**WORK REQUEST**
Return the listing below exactly as it stands. Pictures stay out.

**MATERIAL PROVIDED**
★ ★ ★ ★ ★

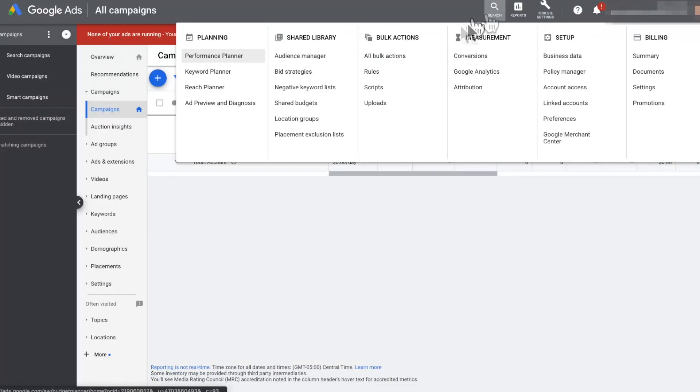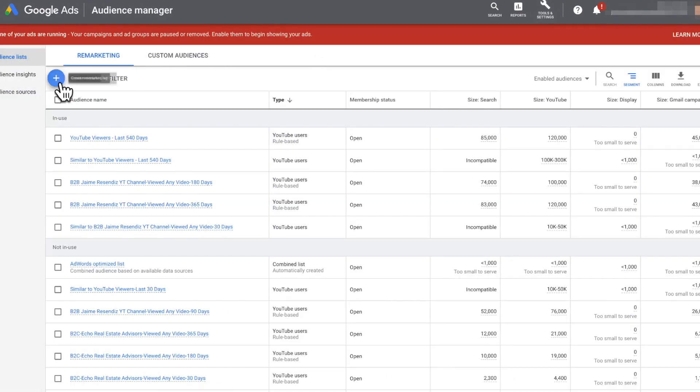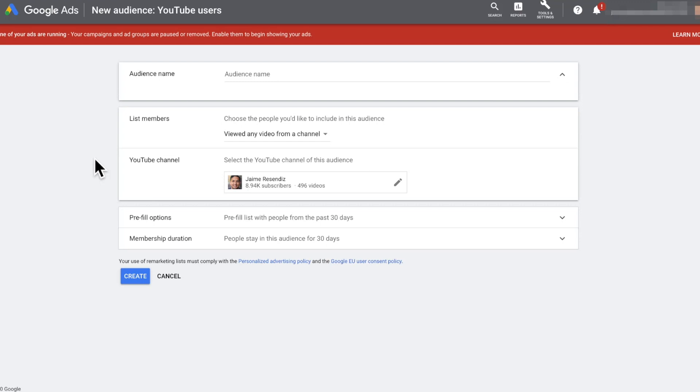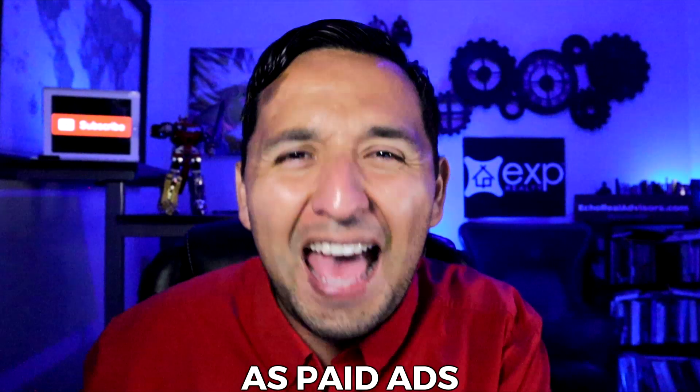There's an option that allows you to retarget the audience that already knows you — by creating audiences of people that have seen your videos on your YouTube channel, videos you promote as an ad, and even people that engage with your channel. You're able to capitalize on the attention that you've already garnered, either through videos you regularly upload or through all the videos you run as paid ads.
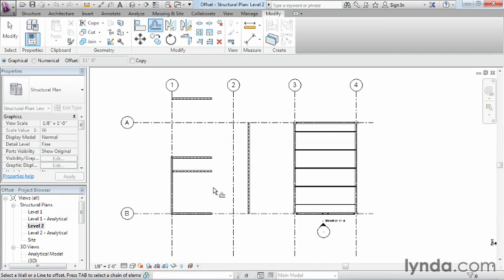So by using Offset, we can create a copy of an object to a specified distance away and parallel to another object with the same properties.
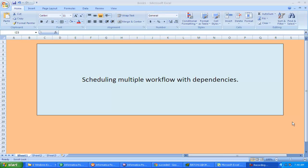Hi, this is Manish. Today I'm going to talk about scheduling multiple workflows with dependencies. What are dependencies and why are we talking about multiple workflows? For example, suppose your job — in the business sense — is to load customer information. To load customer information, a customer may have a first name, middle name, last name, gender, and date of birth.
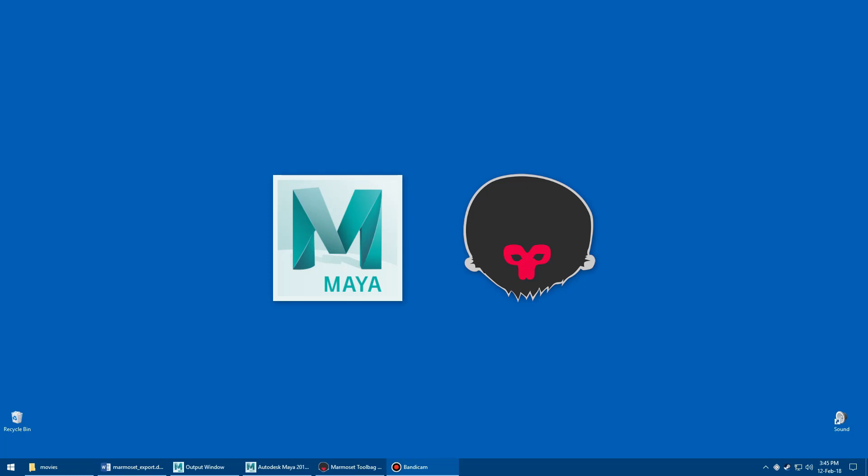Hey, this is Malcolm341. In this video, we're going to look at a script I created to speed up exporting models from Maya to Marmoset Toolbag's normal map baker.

★ ★ ★ ★ ★

**COMPLETED TASK**
There's an option that allows you to retarget the audience that already knows you — by creating audiences of people that have seen your videos on your YouTube channel, videos you promote as an ad, and even people that engage with your channel. You're able to capitalize on the attention that you've already garnered, either through videos you regularly upload or through all the videos you run as paid ads.
So by using Offset, we can create a copy of an object to a specified distance away and parallel to another object with the same properties.
Hi, this is Manish. Today I'm going to talk about scheduling multiple workflows with dependencies. What are dependencies and why are we talking about multiple workflows? For example, suppose your job — in the business sense — is to load customer information. To load customer information, a customer may have a first name, middle name, last name, gender, and date of birth.
Hey, this is Malcolm341. In this video, we're going to look at a script I created to speed up exporting models from Maya to Marmoset Toolbag's normal map baker.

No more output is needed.